Monday, January 12, 2009

Taking it elsewhere: Iran and nuclear ambition

[Editor's note: I have been a follower of the Steve Jackson's Games corporate online forum for some years now. Recently, a conversation has been begun there that I'd like to add some outside commentary on. You can find the original conversation here.]

I believe there are a few key points that have been forgotten here:

1) Iran self-identifies as an "Islamic Republic". Its government is to a certain extent a representative democracy, albeit one whose candidates are all vetted and approved by the ruling Theocratic Guardian Council. In the late 1990's, that council was increasingly experimenting with permitting moderate, pro-western candidates to run and win elections. This was in response to thawing Western relations, and a growing educated, pro-Western, pro-secular young adult demographic within Iran itself.
This experiment with political moderation ended in 2002, with a return to hard-line, anti Western and pro-Ayatollah candidates, including current President Achmadenijhad. This backlash was almost certainly induced by President Bush's choice to include Iran in the "Axis of Evil."
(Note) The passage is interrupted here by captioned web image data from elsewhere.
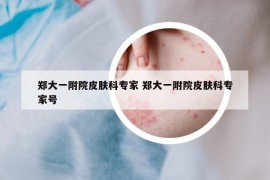 鄭大一附院皮膚科專家 鄭大一附院皮膚科專家號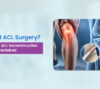 ACL reconstruction surgery in Ahmedabad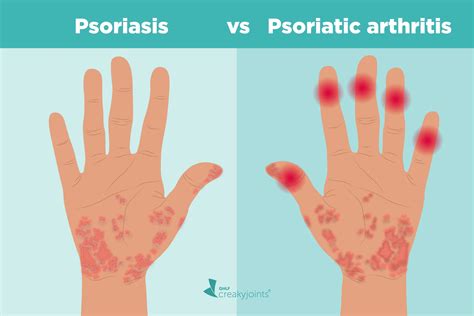 PSA and Tremors - Psoriasis - Inspire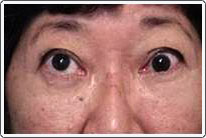 Thyroid_Strabismus1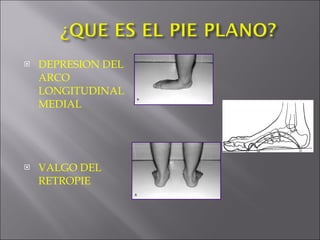 DEPRESION DEL ARCO LONGITUDINAL MEDIAL VALGO DEL RETROPIE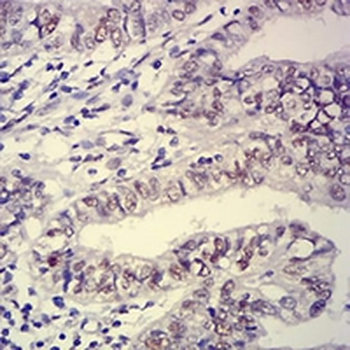 Ataxin 1 Mouse Monoclonal Antibody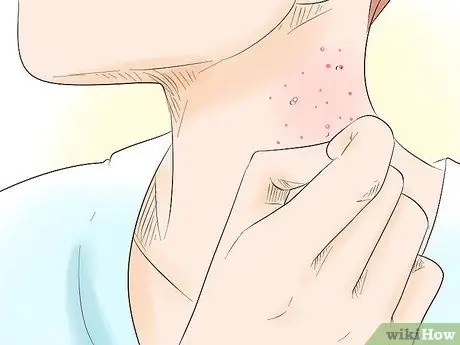 Перестань ковырять лицо Шаг 15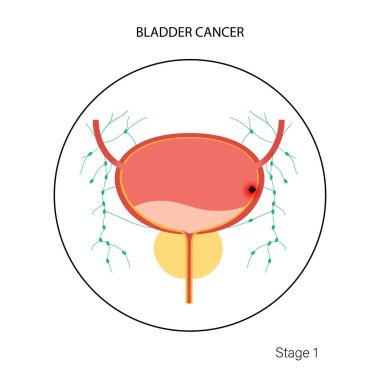 Mesane kanseri aşamaları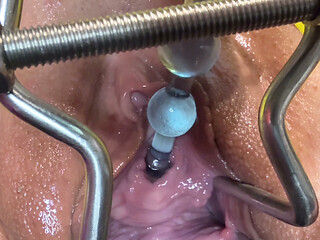 Stretching my Urethra With Anal Beads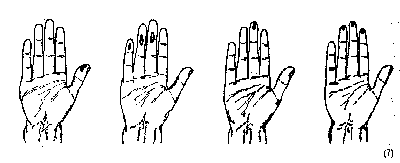Hände mit leichten Fingerverletzungen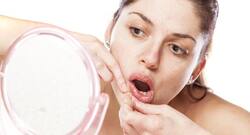 How can I prevent acne on chin? (Beauty query)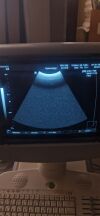 MEDISON C3-7ED Ultrasound Transducer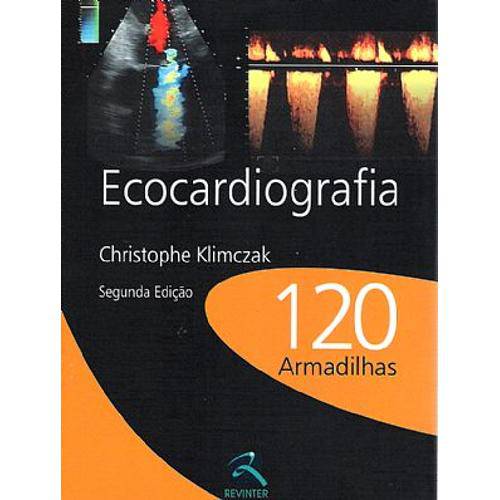 Livro -Ecocardiografia 120 Armadilhas - Klimczak
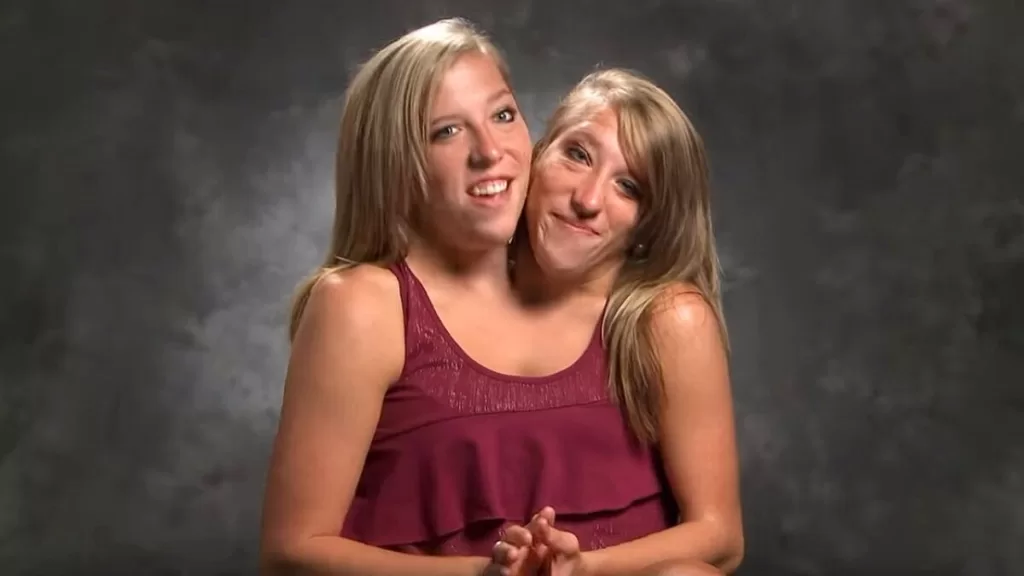 Conjoined Twin Sisters Abby and Brittany Hensel: Where are they Now?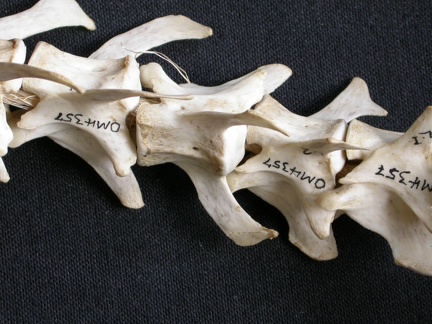 Lumbar vertebrae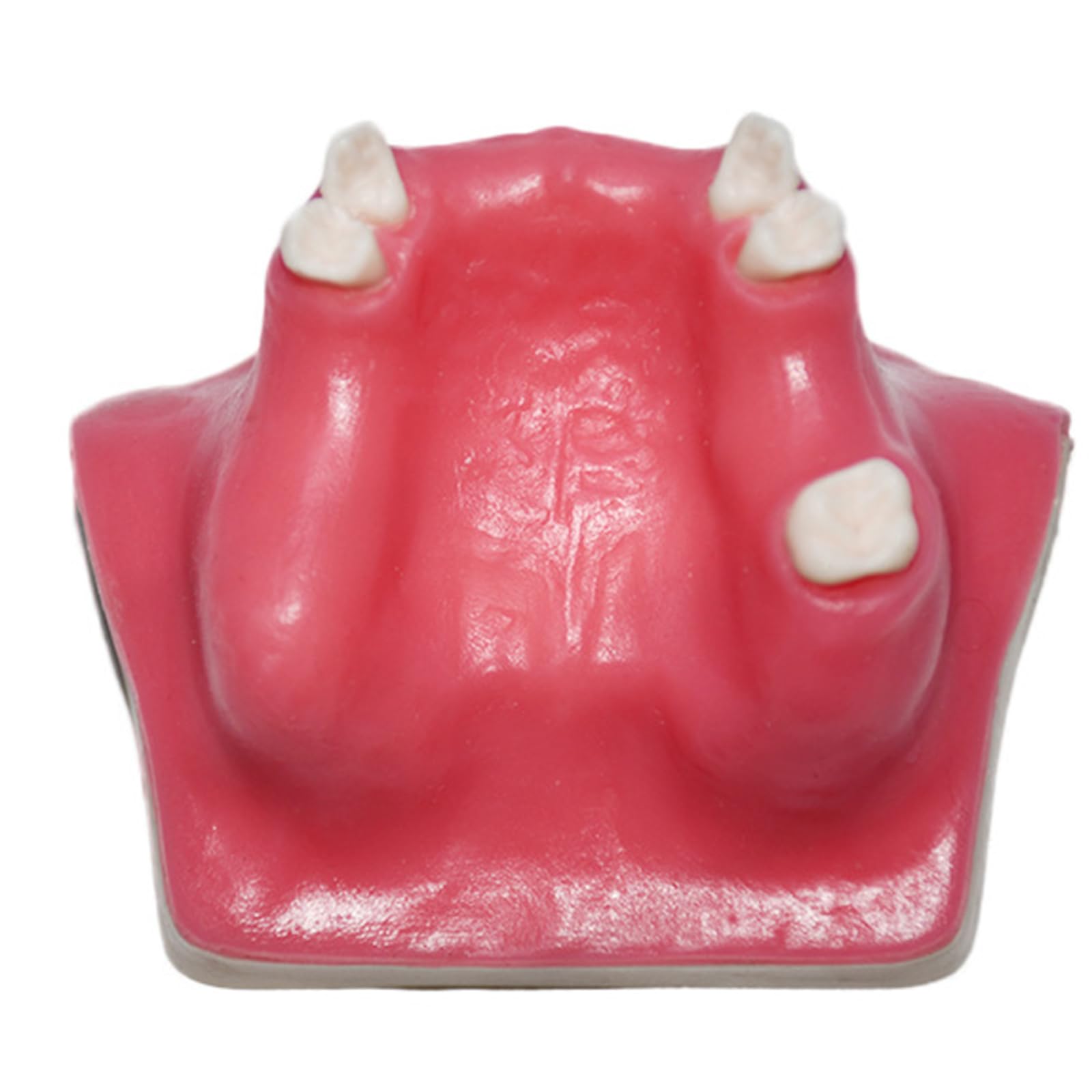 Modello di impianto Dentale - Modello di impianto mandibolare Medico e odontoiatrico - per Studio didattico Displaymedical Model，A9 8cm
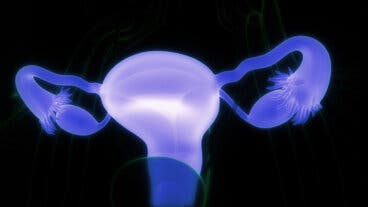 Quistes dermoides ováricos: síntomas y cuándo consultar al médico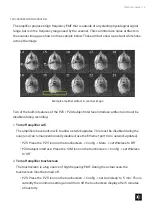 Предварительный просмотр 14 страницы TDT fMRI User Manual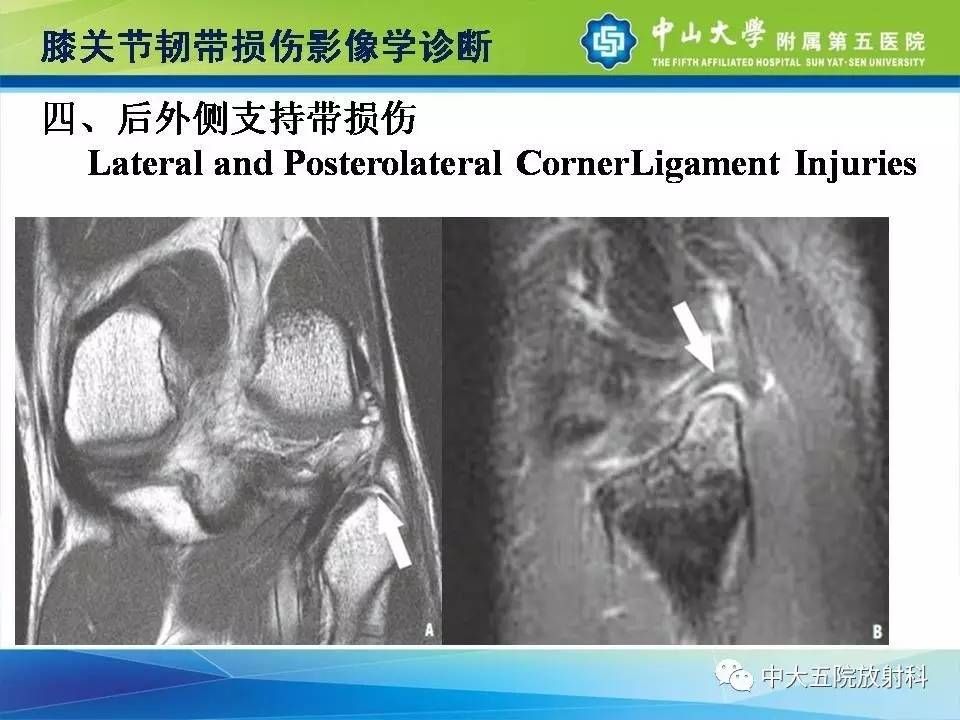 膝关节半月板和韧带损伤的影像学诊断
2) President Achmadenijhad is not quite the nutcase that the Western and U.S. media portrays him as being. In nearly every instance where he has been demonized for threatening Israel (whose close relation to the U.S. is a matter much too large for this posting), a deeper inspection of the transcript of his remarks usually shows such threats in the context of a hypothetical attack by Israel on Iran. Responding to attack with a counter-attack, while damaging to world peace, is still usually considered the perogative of a nation-state.

3) Gas centerfuge enrichment of uranium is both a step towards development of nuclear weapons and a step towards a non-weapon nuclear power program. This sort of peaceful program is what Iran asserts it is pursuing (whether or not anyone believes it). Iran has been cooperating with the IAEA off and on, seeking the IAEA's certification that their program is peaceful. Unfortunately, with every period of saber rattling by the U.S., Western Europe, or Israel, Iran balks and halts its cooperation. It is entirely plausible that Iran is primarily intedning to move toward nuclear power, with the possibility of developing nuclear weapons as a reserve for if the believe themselves threatened with attack.

4) The current U.S. administration is the primary source of the claims that Iran is intending to develop nuclear weapons. As we saw in the run-up to the Second Gulf War, this same administration main any number of claims about Iraq's nuclear weapons program, a nuclear weapons program that -in retrospect- did not exist, and was asserted not to exist by the IAEA. In fact, as something of a snub to the U.S. and it's administration, the head of the IAEA was later named for a Nobel Peace Prize. In my view, the current Presidential administration (as of this writing, #43) simply does not have the credibility to make any sorts of claims.

So, the blustering in Iran's direction has the appearance of the consciuos villifying of an otherwise indifferent nation. That villification and following provocations are used to trigger a defensive response from that nation. Such defensive measures are used as a justification for further provocations, and as rationalization for already decided upon war plans. We saw all of this in 2003, and there is simply no reason to allow it to happen again in 2009.